Wet & Forget founder Rod Jenden tells Jane Phare how he went from doing an early-morning bread run in an old van to establishing the iconic multimillion-dollar company, in this NZ Herald Premium article.
Touring Wet & Forget’s new state-of-the-art headquarters in Auckland, you could be excused for thinking life has been sweet for Rod Jenden.
Squirt a bit of liquid on a roof, a concrete driveway or a shower and, bingo! A winning formula. Now there’s a flash 3000sqm factory, corporate offices and retail shop in a recently developed part of Silverdale.
Upstairs, the management team have “Wet & Forget” etched into the glass walls of their offices, there’s elegant furniture in the common areas, artwork on the walls and eye-catching light fittings. The lunch room is big enough for everyone to have morning tea together at 10am – a company habit that Jenden insists on.
No-one is more important than anyone else at Wet & Forget, he’s fond of saying: his management team, the warehouse staff, the truck drivers, those operating the bottling line, they just have different jobs.

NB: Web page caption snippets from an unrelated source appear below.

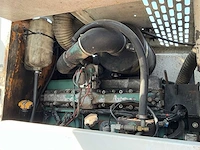 1988 ljungby maskin 1530 shovel - afbeelding 40 van  41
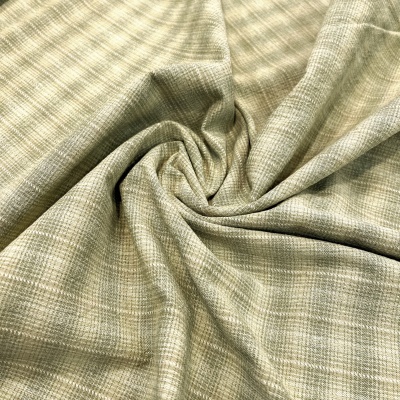 Tecido Japonês | Albero - Verde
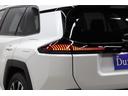 車探しはまず店探しから☆ぜひDuxy安城店にお任せください!☆店舗TEL:0566-92-5615☆公式LINE:@158teweo☆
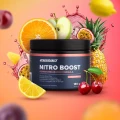 Nitro-boost-fruit-punch-photo-nowoczesnysport.webp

During a tour of the plant, Wet & Forgetters smile and shake hands like characters out of the movie The Truman Show. Many of them have been with the company for up to 20 years and they helped design the new plant. Their boss says they’re like second family to him, and that they enjoy each other’s company.
“We don’t have dramas here. There’s no people yelling and screaming.”
That’s because the company is going well, Jenden says, stress-free. The product is doing good numbers in New Zealand and overseas – going gangbusters in the US, and holding its head up in the UK and Australia. Germany, France and Japan are next in line.
But make no mistake, he says, there’s been 50 years of hard graft behind the company’s success and he admits to moments when he thought the banks were about to close him down. Cashflow – there were times when there was never enough.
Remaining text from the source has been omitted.